We’re also exploring whether to send someone to the region to record content with local partners. But that’s dependent on whether initial outreach gets traction. We’re not going to fly halfway around the world to film content nobody is asking for yet.
Spending real money
One thing we committed to in this series is being honest about what this costs. Distribution isn’t free. Media partnerships, production, tooling, localization: it adds up. We’re evaluating several partnerships right now, and the conversations involve real budgets.
Dennison’s position on spending: “the difference between it working and not working is millions of dollars. If we go with the right people, it’s worth spending the money.” We’re being deliberate about where the dollars go, but we’re not being cheap about it either.
The throughline
There’s a moment in the meeting where Dennison says something that stuck: “we’re not going to somehow single-handedly make people want to buy your token. But what we can do is market the shit out of their sale.”

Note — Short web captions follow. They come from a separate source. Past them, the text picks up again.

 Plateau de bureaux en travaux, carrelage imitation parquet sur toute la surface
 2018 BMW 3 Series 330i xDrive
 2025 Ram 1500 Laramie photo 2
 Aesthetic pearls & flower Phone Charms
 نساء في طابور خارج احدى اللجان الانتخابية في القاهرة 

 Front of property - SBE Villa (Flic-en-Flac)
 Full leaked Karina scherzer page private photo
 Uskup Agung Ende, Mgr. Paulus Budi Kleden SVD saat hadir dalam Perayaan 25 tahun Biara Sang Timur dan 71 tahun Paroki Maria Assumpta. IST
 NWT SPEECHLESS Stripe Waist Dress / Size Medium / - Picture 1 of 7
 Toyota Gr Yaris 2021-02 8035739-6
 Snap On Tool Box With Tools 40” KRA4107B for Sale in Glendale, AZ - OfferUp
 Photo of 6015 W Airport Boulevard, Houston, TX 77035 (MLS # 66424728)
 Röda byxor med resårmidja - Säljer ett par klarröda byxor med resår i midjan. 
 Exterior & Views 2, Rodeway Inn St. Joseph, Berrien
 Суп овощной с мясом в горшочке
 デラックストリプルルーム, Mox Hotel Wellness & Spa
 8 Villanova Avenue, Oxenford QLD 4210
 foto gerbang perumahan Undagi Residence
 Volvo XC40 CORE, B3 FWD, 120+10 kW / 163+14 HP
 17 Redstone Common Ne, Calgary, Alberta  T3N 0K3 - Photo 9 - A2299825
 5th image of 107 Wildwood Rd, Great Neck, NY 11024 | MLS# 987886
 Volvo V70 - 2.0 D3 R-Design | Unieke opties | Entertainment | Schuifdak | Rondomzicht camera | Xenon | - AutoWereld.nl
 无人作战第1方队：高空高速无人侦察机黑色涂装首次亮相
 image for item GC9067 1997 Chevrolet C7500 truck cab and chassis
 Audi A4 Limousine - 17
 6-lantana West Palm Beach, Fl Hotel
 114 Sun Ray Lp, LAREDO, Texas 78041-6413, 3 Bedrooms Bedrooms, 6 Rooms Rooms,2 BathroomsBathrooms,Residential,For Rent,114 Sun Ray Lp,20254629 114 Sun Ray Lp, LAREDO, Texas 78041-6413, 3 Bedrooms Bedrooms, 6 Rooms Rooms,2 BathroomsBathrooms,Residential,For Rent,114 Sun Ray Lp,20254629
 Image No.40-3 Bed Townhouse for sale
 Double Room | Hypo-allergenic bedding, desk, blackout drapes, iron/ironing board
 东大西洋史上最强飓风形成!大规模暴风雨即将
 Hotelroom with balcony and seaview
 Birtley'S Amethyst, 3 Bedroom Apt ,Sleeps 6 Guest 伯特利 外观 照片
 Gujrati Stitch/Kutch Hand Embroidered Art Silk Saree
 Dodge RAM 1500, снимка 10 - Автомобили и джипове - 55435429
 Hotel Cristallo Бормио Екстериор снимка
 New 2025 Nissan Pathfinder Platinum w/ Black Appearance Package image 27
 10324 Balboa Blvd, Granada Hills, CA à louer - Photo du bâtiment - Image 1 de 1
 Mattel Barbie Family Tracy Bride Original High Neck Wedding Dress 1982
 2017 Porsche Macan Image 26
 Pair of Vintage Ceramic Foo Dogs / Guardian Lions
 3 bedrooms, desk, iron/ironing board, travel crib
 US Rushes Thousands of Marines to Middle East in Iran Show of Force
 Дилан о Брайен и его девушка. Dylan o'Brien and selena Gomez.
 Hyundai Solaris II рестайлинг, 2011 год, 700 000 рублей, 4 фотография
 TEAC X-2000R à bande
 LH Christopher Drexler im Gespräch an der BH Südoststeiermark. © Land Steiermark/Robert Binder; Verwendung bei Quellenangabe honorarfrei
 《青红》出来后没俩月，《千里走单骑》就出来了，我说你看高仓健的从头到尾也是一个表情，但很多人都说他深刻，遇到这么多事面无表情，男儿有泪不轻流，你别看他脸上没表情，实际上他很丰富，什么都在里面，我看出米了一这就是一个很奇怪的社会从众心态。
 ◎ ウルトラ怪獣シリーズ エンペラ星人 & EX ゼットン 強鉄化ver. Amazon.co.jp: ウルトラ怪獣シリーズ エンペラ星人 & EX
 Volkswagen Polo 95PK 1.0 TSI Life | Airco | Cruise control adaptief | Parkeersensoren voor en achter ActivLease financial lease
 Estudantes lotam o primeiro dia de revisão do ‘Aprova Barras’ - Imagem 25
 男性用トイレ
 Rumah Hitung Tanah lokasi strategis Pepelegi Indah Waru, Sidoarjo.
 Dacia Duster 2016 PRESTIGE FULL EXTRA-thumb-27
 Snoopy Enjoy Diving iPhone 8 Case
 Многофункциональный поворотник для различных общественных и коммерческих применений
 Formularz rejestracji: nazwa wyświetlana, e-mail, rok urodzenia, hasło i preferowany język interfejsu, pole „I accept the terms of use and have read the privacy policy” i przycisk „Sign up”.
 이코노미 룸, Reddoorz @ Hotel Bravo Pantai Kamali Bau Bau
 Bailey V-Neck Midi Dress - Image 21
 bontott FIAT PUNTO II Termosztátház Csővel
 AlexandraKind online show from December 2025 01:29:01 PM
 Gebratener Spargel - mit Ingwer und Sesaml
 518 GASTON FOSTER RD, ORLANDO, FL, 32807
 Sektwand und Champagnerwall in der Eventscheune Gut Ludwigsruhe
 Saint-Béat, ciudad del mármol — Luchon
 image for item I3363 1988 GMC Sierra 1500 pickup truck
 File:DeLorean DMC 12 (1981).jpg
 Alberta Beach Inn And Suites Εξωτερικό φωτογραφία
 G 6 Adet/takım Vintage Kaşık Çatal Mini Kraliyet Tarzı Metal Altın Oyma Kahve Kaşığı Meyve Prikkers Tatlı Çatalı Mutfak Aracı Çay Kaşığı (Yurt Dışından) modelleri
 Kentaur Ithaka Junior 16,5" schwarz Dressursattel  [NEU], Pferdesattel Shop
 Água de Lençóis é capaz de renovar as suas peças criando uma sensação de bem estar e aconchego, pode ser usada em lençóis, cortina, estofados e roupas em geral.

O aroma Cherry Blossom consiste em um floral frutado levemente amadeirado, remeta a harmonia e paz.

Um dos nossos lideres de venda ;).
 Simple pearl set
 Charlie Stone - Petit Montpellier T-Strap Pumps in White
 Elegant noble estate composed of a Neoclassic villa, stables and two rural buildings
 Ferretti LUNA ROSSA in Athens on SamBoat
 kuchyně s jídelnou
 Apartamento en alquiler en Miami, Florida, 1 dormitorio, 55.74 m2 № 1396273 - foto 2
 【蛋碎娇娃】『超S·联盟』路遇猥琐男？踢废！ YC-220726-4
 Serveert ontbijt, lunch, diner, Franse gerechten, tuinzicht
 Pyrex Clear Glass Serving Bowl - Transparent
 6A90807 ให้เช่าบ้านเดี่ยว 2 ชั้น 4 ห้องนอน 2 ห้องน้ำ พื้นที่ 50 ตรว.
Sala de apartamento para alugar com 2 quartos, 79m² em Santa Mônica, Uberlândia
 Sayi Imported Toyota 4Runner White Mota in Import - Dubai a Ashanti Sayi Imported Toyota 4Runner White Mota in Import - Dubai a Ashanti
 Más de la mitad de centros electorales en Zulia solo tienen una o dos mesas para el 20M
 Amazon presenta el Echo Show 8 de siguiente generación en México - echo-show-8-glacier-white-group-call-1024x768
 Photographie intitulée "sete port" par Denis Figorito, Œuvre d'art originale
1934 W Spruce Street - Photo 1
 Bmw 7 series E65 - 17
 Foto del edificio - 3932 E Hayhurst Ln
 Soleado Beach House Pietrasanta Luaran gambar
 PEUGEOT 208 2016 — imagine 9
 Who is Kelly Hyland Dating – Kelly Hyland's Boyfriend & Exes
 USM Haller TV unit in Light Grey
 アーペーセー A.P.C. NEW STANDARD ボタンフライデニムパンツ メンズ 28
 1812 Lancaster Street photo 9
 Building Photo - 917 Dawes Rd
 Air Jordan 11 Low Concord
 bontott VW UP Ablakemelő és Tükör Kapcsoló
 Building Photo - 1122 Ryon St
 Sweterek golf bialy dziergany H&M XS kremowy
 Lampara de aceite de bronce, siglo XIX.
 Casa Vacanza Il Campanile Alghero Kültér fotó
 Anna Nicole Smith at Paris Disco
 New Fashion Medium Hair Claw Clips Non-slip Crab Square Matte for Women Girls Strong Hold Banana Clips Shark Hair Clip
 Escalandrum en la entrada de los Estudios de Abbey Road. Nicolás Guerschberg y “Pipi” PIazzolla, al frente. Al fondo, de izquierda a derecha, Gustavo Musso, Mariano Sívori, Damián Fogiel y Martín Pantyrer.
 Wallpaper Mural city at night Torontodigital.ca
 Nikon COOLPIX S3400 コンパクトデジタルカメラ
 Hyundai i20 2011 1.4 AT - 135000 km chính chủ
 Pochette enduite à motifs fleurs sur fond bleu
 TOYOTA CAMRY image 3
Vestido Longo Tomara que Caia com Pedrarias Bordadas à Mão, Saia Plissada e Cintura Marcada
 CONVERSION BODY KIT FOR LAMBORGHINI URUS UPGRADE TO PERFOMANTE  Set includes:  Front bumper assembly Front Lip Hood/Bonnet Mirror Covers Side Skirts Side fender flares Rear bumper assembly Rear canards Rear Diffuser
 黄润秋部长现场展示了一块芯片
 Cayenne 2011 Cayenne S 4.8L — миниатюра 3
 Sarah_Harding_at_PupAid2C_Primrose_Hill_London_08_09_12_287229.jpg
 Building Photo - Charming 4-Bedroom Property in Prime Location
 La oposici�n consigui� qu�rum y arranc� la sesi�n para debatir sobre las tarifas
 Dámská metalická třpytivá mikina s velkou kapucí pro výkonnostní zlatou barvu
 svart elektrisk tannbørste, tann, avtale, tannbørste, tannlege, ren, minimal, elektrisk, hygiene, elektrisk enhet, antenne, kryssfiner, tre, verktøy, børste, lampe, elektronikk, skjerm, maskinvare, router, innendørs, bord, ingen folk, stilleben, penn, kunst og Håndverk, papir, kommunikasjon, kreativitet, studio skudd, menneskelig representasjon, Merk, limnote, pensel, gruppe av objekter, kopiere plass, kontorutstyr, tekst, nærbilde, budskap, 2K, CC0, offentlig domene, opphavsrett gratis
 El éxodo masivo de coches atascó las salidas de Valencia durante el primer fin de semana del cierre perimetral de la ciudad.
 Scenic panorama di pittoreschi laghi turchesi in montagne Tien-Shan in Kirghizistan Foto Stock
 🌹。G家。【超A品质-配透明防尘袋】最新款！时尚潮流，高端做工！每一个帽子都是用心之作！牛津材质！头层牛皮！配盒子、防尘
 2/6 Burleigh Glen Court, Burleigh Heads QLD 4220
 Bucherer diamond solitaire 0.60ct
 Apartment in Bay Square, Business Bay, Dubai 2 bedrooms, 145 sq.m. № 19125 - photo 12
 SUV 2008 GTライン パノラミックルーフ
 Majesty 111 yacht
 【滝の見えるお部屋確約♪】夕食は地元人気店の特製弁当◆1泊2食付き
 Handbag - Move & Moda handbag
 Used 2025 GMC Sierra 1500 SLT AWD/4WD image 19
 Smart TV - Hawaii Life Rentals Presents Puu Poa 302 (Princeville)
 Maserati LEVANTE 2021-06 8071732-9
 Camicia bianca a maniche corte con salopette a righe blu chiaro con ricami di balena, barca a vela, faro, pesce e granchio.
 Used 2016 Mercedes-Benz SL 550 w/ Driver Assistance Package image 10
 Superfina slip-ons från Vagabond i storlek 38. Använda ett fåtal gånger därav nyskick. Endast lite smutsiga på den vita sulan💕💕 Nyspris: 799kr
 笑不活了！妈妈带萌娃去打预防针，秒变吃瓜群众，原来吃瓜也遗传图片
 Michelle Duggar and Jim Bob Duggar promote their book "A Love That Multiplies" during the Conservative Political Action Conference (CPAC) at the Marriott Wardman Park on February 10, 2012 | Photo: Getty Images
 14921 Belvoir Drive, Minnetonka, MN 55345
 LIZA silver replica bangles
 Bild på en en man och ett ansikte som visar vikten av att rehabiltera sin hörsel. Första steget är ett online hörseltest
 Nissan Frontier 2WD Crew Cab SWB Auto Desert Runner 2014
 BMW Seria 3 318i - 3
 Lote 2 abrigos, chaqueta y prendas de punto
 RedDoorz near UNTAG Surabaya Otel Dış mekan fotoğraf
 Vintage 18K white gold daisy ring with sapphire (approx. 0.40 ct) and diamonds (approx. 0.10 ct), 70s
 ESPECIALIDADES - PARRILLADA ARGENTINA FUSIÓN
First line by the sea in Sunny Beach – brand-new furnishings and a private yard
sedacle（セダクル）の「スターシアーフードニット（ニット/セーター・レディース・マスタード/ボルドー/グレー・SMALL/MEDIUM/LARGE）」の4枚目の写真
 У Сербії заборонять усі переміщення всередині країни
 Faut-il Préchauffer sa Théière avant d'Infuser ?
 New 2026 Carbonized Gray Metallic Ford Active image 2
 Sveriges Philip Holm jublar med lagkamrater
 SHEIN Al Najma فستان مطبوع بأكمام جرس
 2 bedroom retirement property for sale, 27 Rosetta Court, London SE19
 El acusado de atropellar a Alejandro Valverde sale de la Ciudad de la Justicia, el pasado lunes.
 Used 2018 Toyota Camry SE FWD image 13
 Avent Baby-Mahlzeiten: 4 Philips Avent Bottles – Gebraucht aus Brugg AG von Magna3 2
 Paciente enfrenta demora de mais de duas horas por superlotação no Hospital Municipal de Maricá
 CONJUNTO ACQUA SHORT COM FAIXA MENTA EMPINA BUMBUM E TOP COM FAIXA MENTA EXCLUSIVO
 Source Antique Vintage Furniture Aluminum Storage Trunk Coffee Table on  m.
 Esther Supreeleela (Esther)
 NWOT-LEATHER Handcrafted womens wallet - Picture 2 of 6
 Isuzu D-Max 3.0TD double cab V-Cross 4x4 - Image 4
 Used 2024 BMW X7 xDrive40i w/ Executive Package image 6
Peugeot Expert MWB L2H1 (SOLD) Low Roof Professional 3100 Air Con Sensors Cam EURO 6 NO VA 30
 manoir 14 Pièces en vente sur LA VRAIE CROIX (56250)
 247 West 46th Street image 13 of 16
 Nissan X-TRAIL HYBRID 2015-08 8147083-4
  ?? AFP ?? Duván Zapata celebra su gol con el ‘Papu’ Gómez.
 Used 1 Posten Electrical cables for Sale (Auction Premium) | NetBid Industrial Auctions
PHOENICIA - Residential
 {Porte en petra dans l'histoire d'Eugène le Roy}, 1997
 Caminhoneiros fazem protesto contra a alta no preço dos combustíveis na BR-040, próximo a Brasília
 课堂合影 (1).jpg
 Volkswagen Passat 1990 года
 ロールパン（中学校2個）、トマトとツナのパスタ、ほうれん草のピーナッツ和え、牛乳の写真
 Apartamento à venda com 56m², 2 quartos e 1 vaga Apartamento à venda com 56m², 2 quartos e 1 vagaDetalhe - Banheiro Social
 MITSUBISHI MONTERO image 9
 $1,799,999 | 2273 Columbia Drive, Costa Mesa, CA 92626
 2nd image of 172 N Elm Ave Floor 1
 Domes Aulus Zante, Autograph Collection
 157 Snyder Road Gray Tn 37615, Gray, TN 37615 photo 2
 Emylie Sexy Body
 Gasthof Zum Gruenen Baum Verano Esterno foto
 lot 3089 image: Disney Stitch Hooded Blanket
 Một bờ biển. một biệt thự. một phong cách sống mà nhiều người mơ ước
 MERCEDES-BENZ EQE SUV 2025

That’s the honest version of what distribution looks like. We can’t manufacture demand. We can’t promise institutions will show up. What we can do is build a real process for reaching people: aligned influencer networks, multilingual content pipelines, media partnerships with outlets that carry credibility. And we can do it in a way that doesn’t rely on the tactics that have made crypto marketing synonymous with scams.
If we get this right for ourselves, it becomes the playbook we hand to every team that launches on our platform. The real product unlock is not just the token sale platform, but the distribution layer that makes it work.
We’re documenting everything: the legal sequencing, the tax strategy, the custody setup, the go-to-market, all of it. If you’re building in crypto and thinking about launching a token, this is the playbook we wish existed.
Disclaimer: This content is for informational and educational purposes only. Nothing in this series constitutes financial advice, investment advice, or a solicitation to buy or sell any token or security.